| What needs to be done |
For every entry, reproduce the wording exactly and omit any image it holds.

| Image-text web data |

•••••

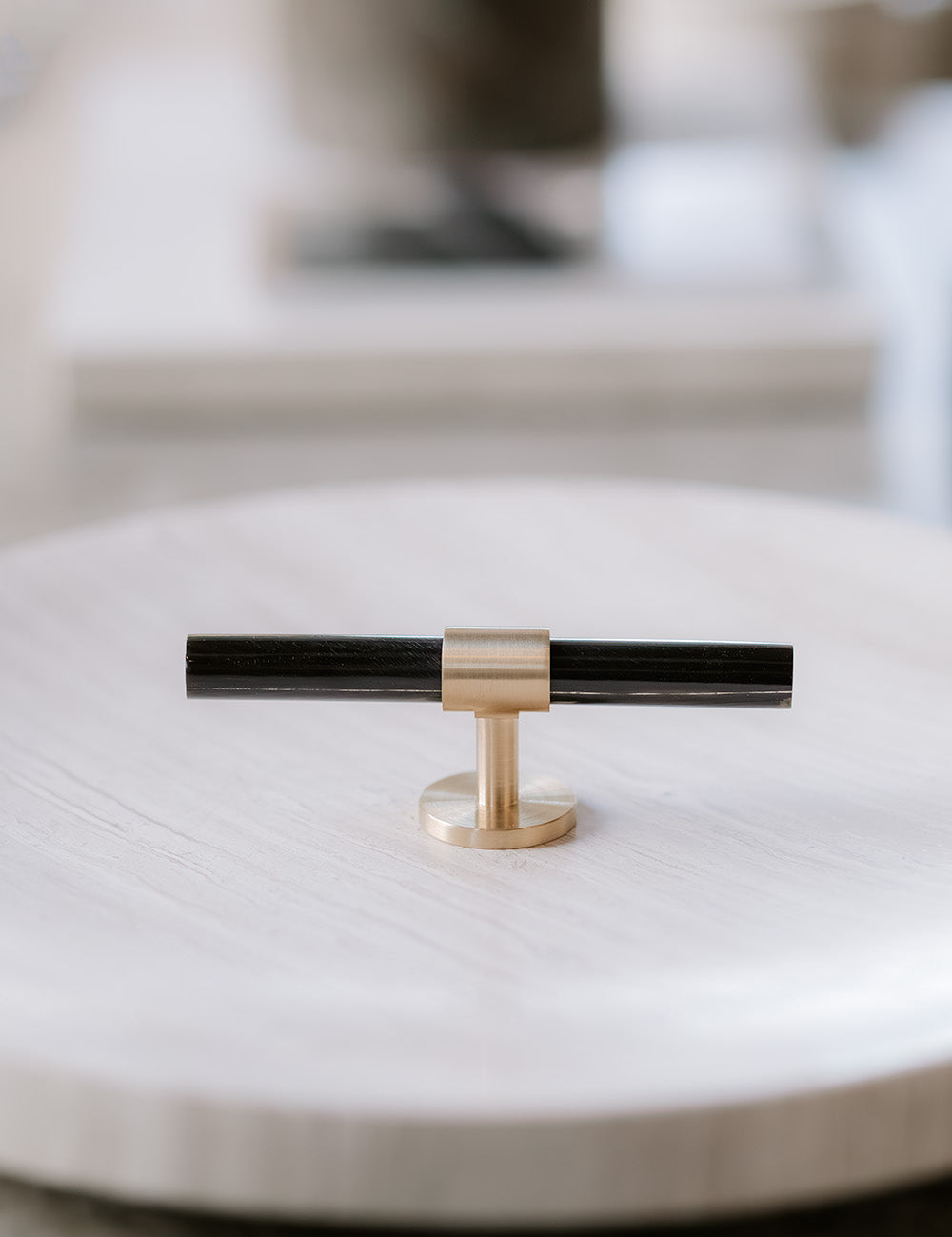 SIGNATURE 30 - T-bar 113 mm - Satin Brass / Black Horn by BRANDT Copenhagen 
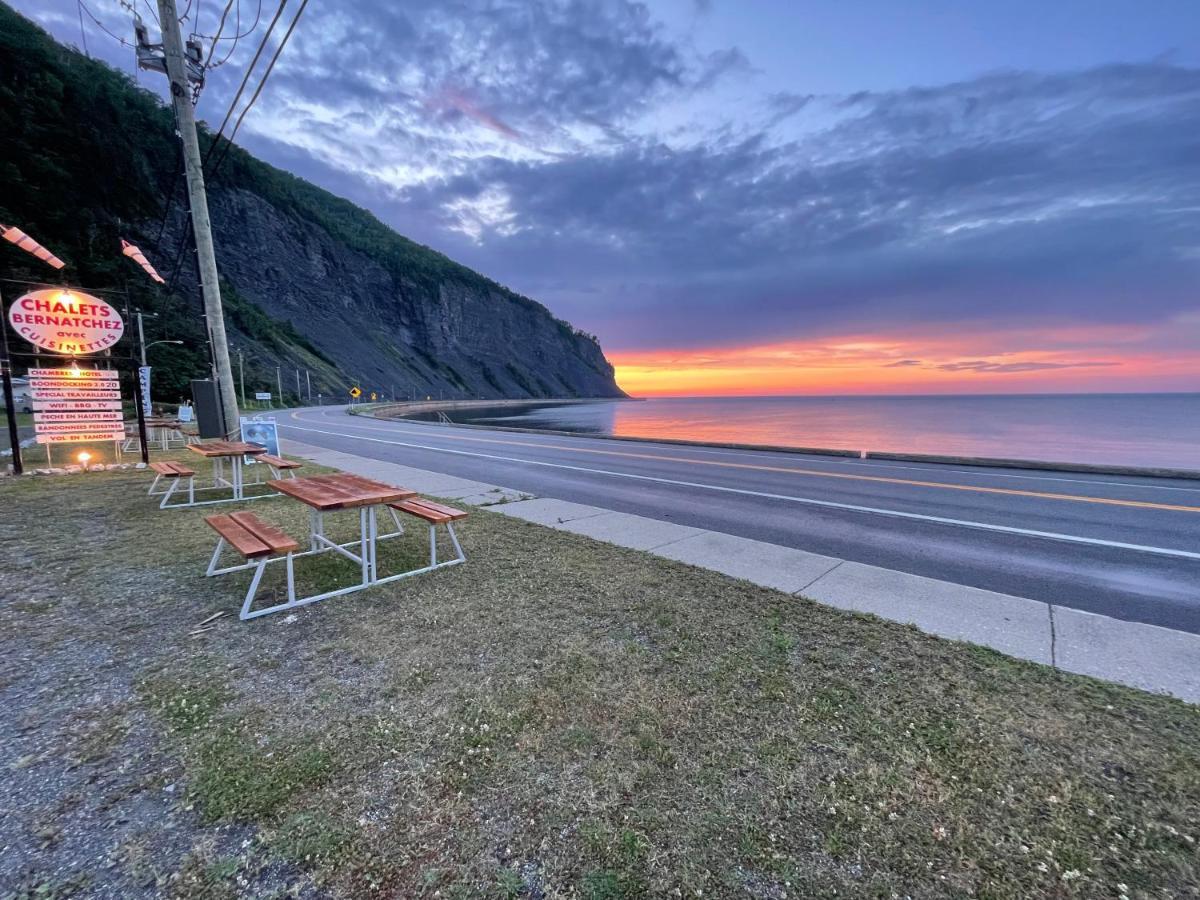 Chalets Bernatchez มงต์แซงต์ปิแยร์ ภายนอก รูปภาพ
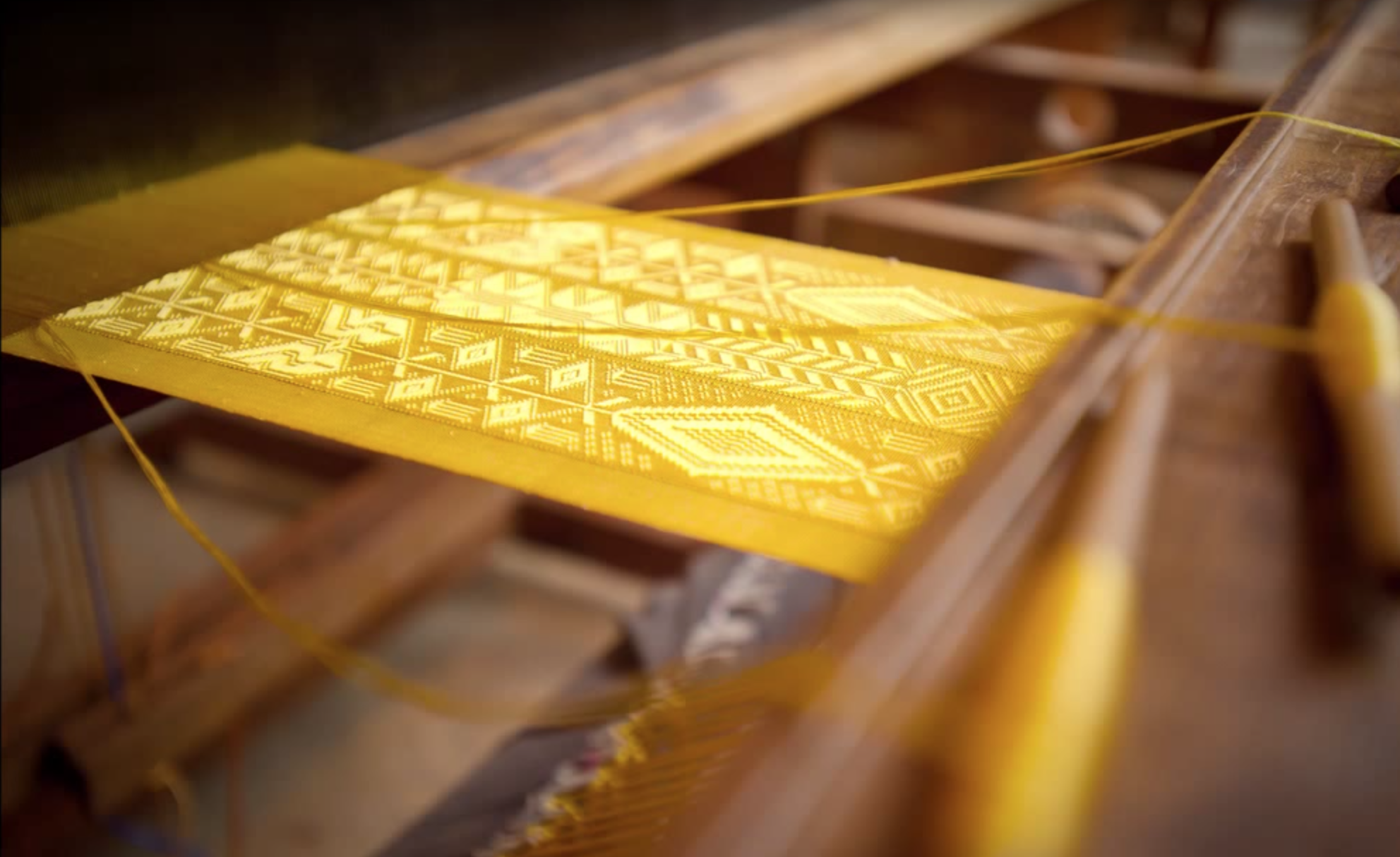 Golden Spider Silk Textile Video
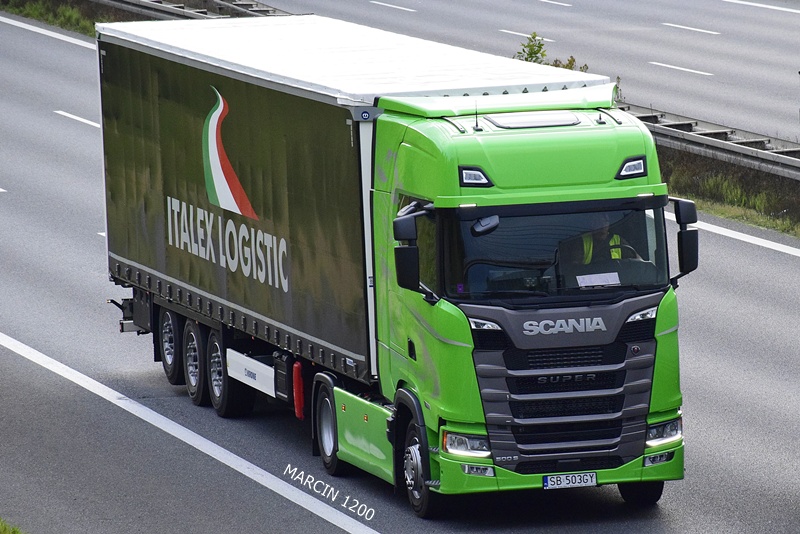 _DSC1998 ITALEX LOGISTIC-crop-SCANIA S500.JPG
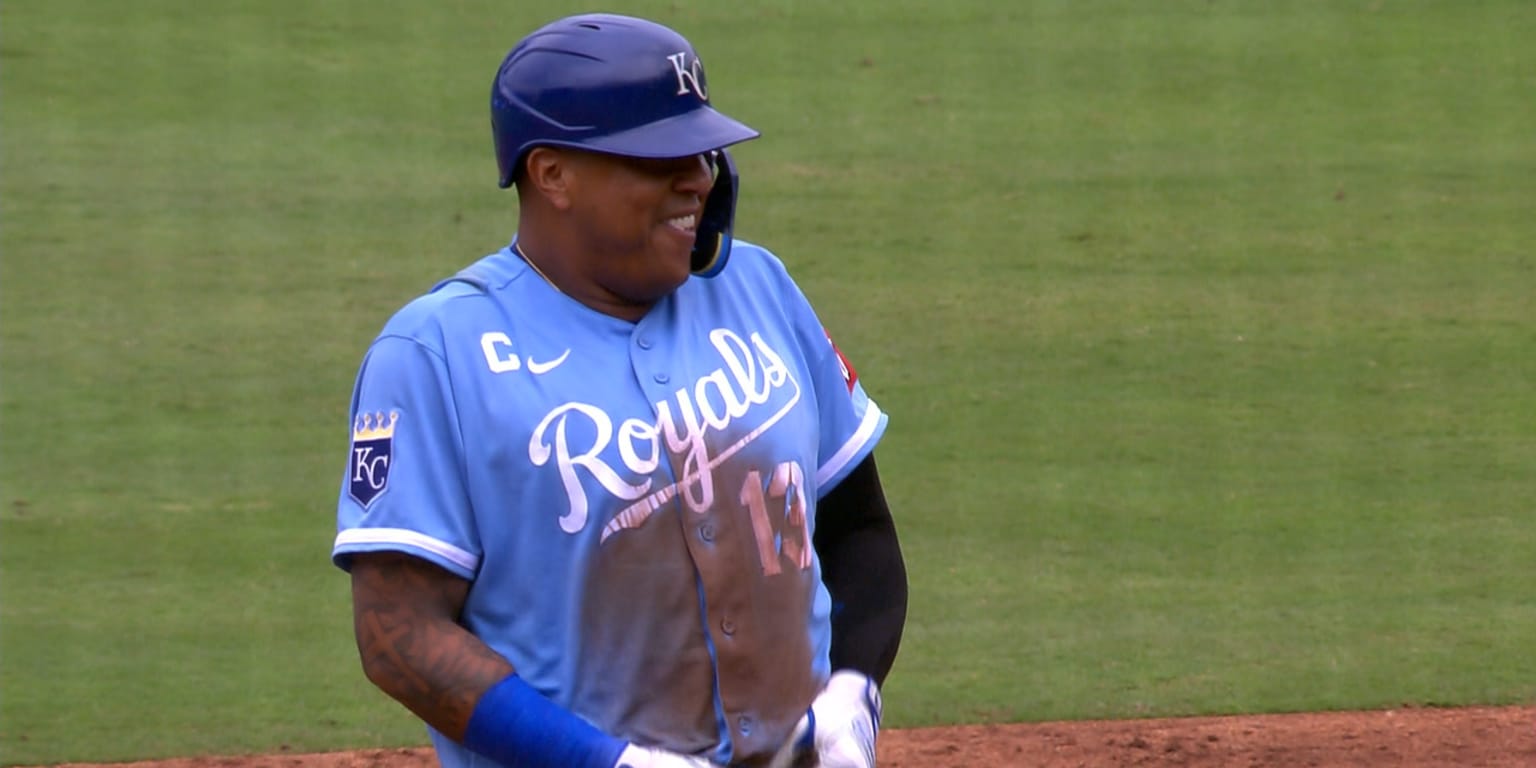 That's what Salvy do: Perez steals first base since '21, sparking rally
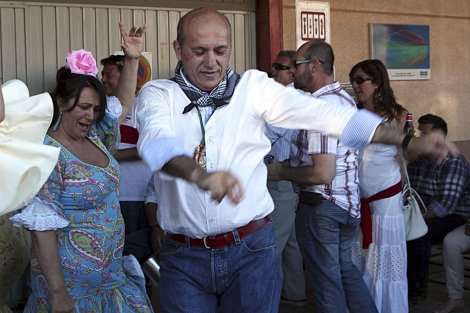José María del Nido baila por sevillanas en la pasada edición del Rocío. | J. M.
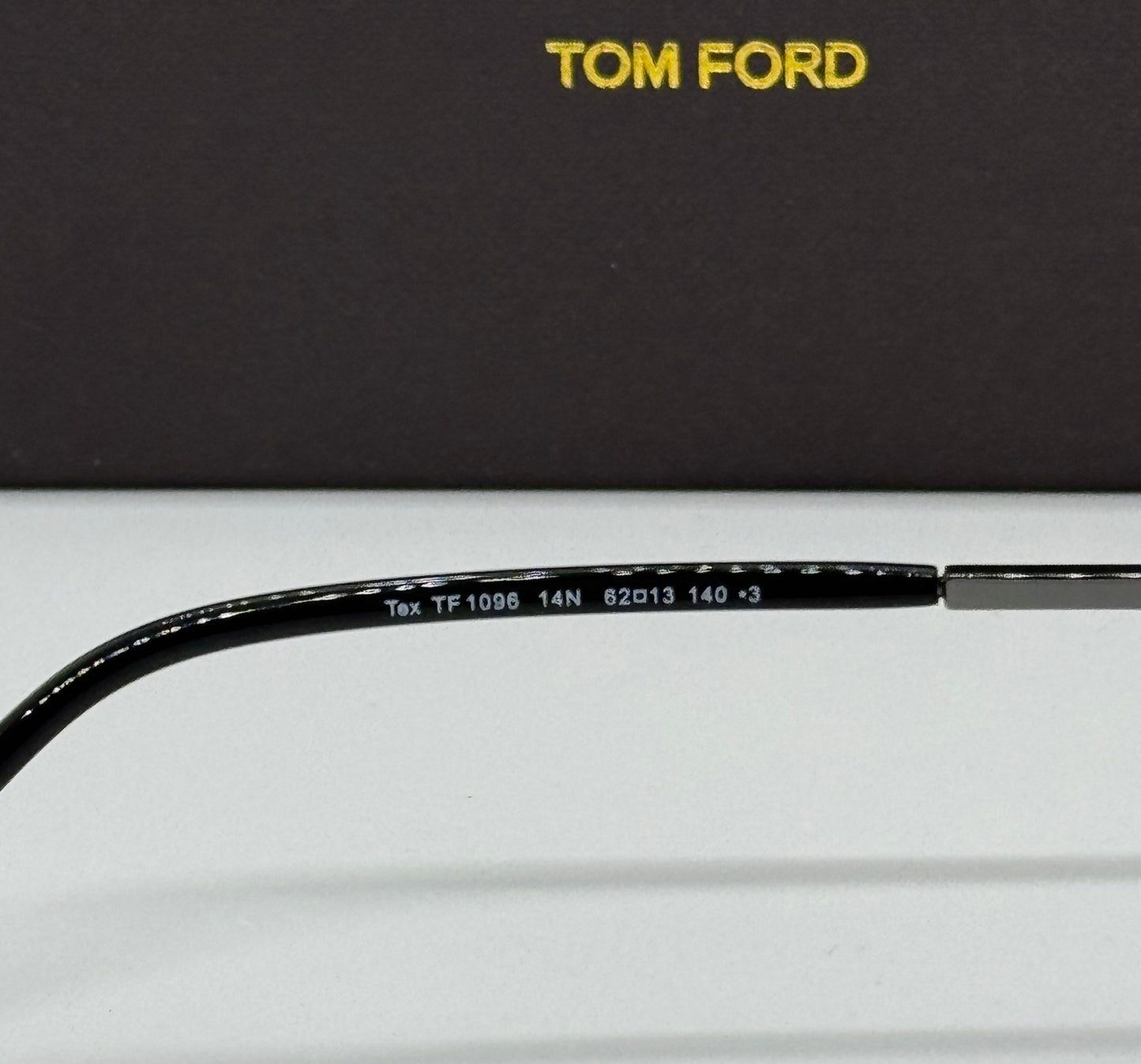 Tom Ford Tex TF1096 Black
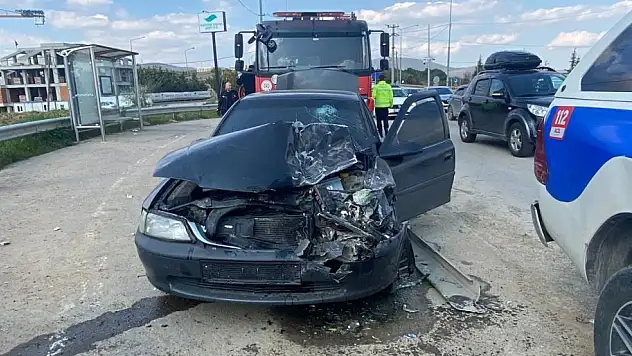 Otomobil belediye otobüsüne çarptı: 1 kişi yaralandı!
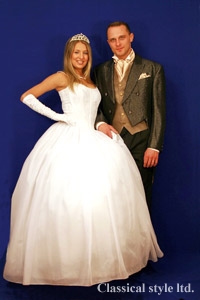 Свадебные платья и костюмы
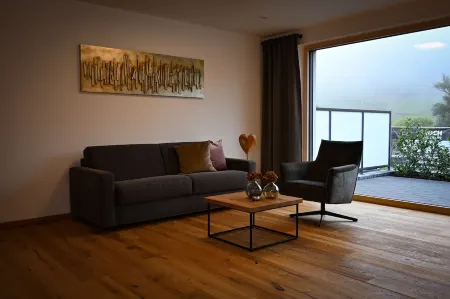 Moderne und Neue Ferienunterkunft mit Terrasse und Nahgelegen an der Mosel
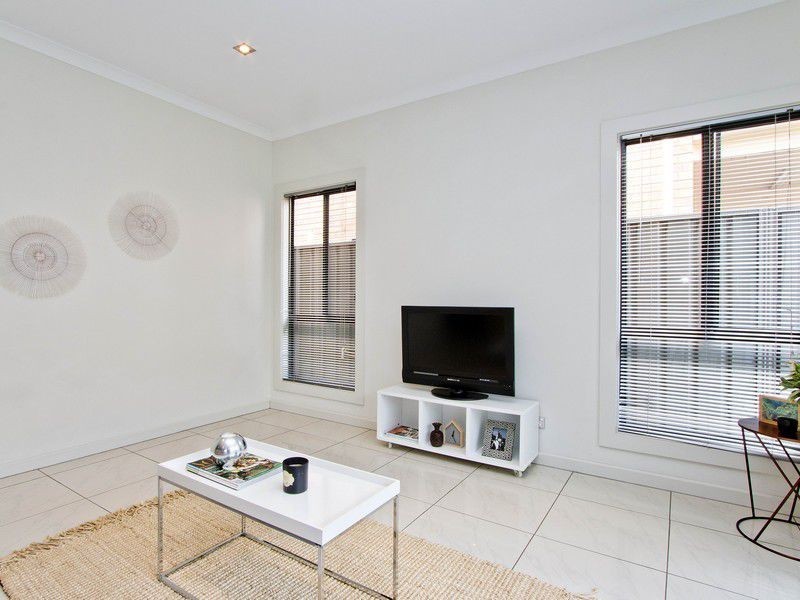 10 Borduy Street, The Bridges, Mawson Lakes SA 5095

•••••

| Response box |
 SIGNATURE 30 - T-bar 113 mm - Satin Brass / Black Horn by BRANDT Copenhagen 
 Chalets Bernatchez มงต์แซงต์ปิแยร์ ภายนอก รูปภาพ
 Golden Spider Silk Textile Video
 _DSC1998 ITALEX LOGISTIC-crop-SCANIA S500.JPG
 That's what Salvy do: Perez steals first base since '21, sparking rally
José María del Nido baila por sevillanas en la pasada edición del Rocío. | J. M.
 Tom Ford Tex TF1096 Black
 Otomobil belediye otobüsüne çarptı: 1 kişi yaralandı!
 Свадебные платья и костюмы
 Moderne und Neue Ferienunterkunft mit Terrasse und Nahgelegen an der Mosel
 10 Borduy Street, The Bridges, Mawson Lakes SA 5095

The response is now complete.